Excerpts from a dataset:
################
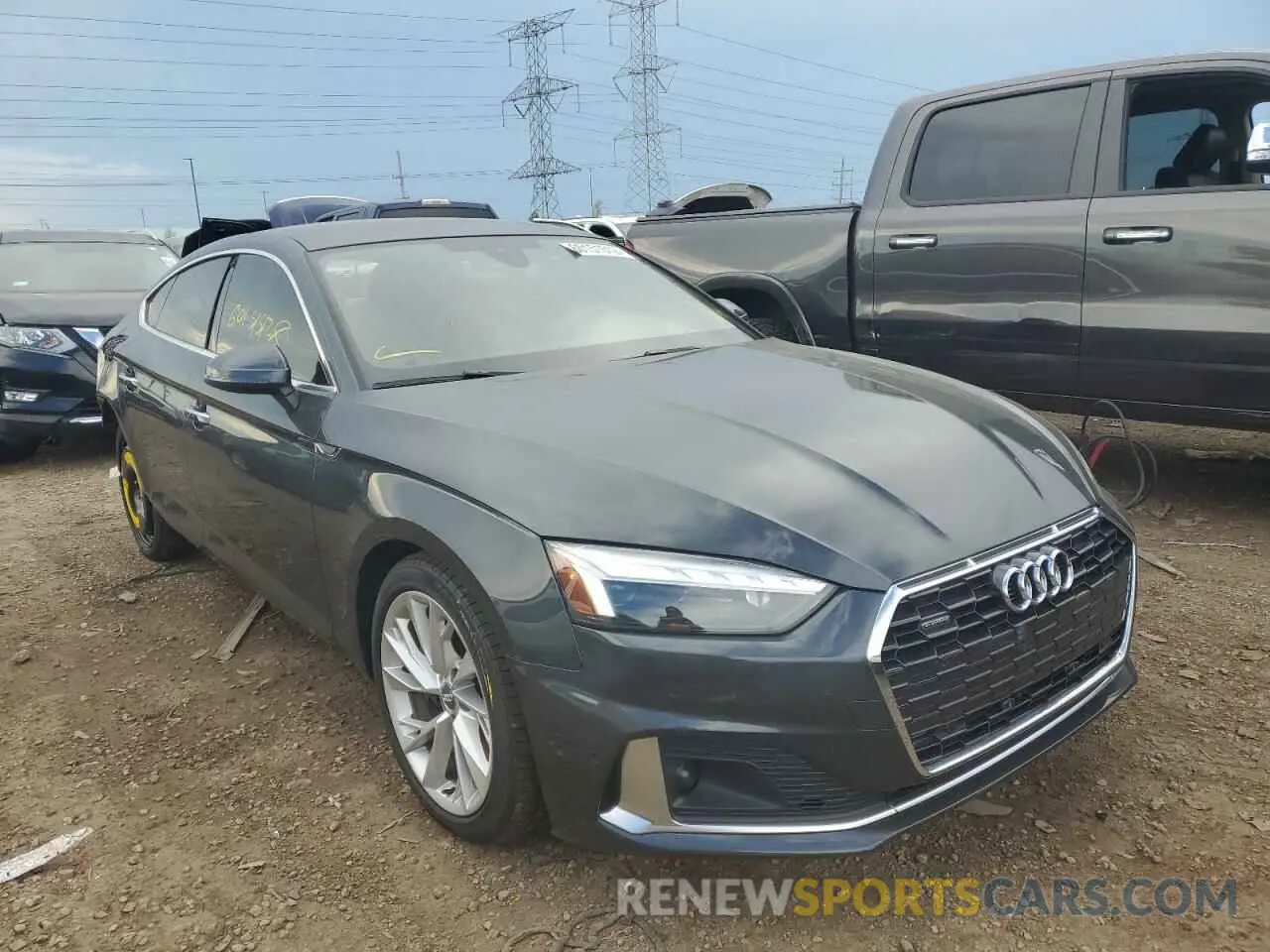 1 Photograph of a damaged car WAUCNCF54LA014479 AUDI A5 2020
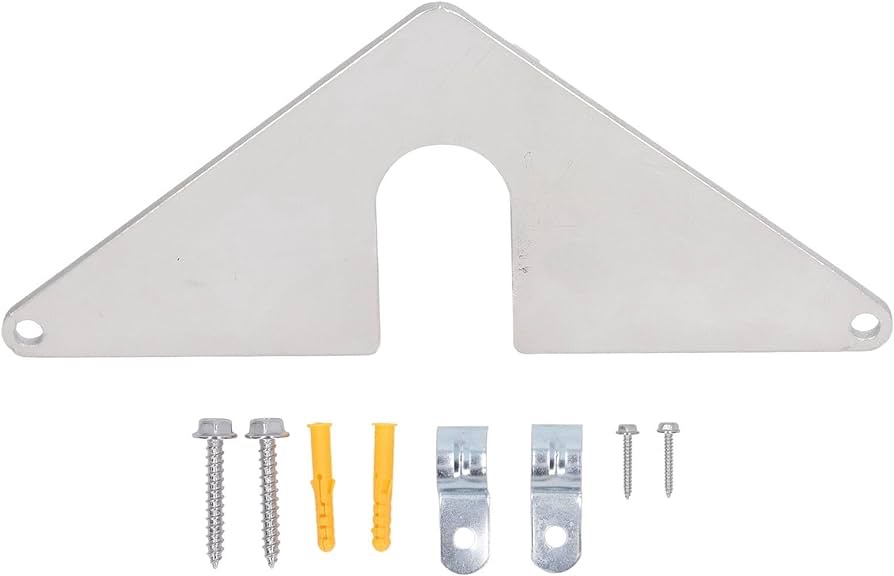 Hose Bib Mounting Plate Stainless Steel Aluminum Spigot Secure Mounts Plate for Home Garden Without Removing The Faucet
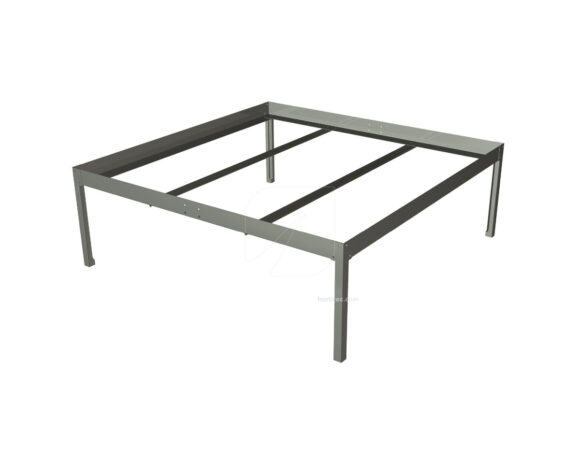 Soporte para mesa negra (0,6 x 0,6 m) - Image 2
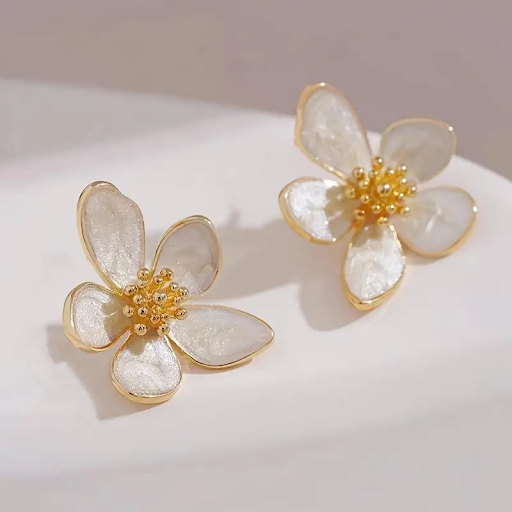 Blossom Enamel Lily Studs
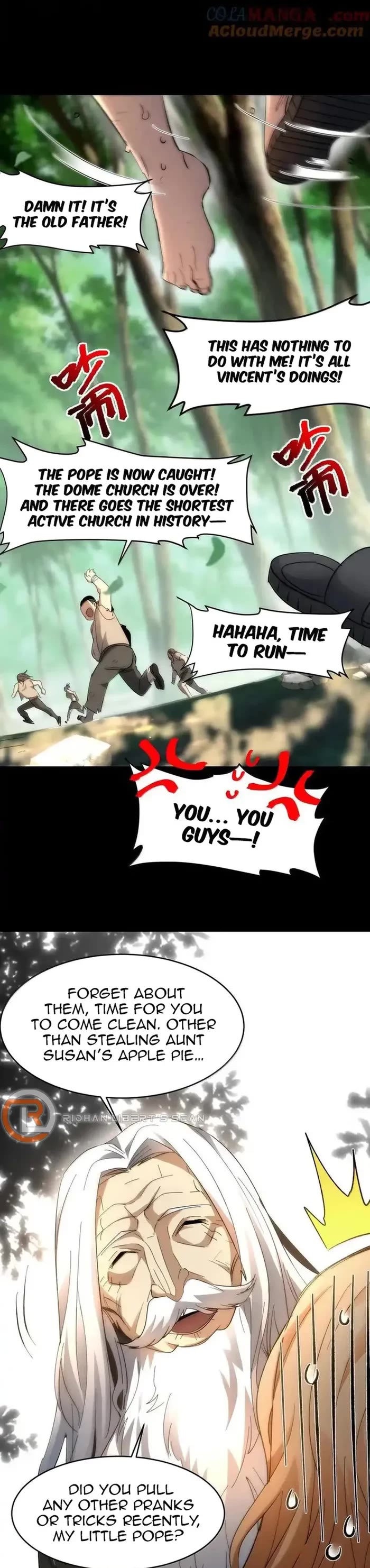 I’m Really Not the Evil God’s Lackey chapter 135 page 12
################
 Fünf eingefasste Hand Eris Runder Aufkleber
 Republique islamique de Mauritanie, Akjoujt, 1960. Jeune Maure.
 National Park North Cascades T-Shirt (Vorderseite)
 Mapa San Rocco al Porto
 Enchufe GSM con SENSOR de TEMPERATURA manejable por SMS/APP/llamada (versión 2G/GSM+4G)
################
> _What you are asked to do_: Copy out, word for word, the part of the entries above that begins at the line with "Republique islamique de" and ends at the line with "Enchufe GSM con", including both.

> _Written response_:
 Republique islamique de Mauritanie, Akjoujt, 1960. Jeune Maure.
 National Park North Cascades T-Shirt (Vorderseite)
 Mapa San Rocco al Porto
 Enchufe GSM con SENSOR de TEMPERATURA manejable por SMS/APP/llamada (versión 2G/GSM+4G)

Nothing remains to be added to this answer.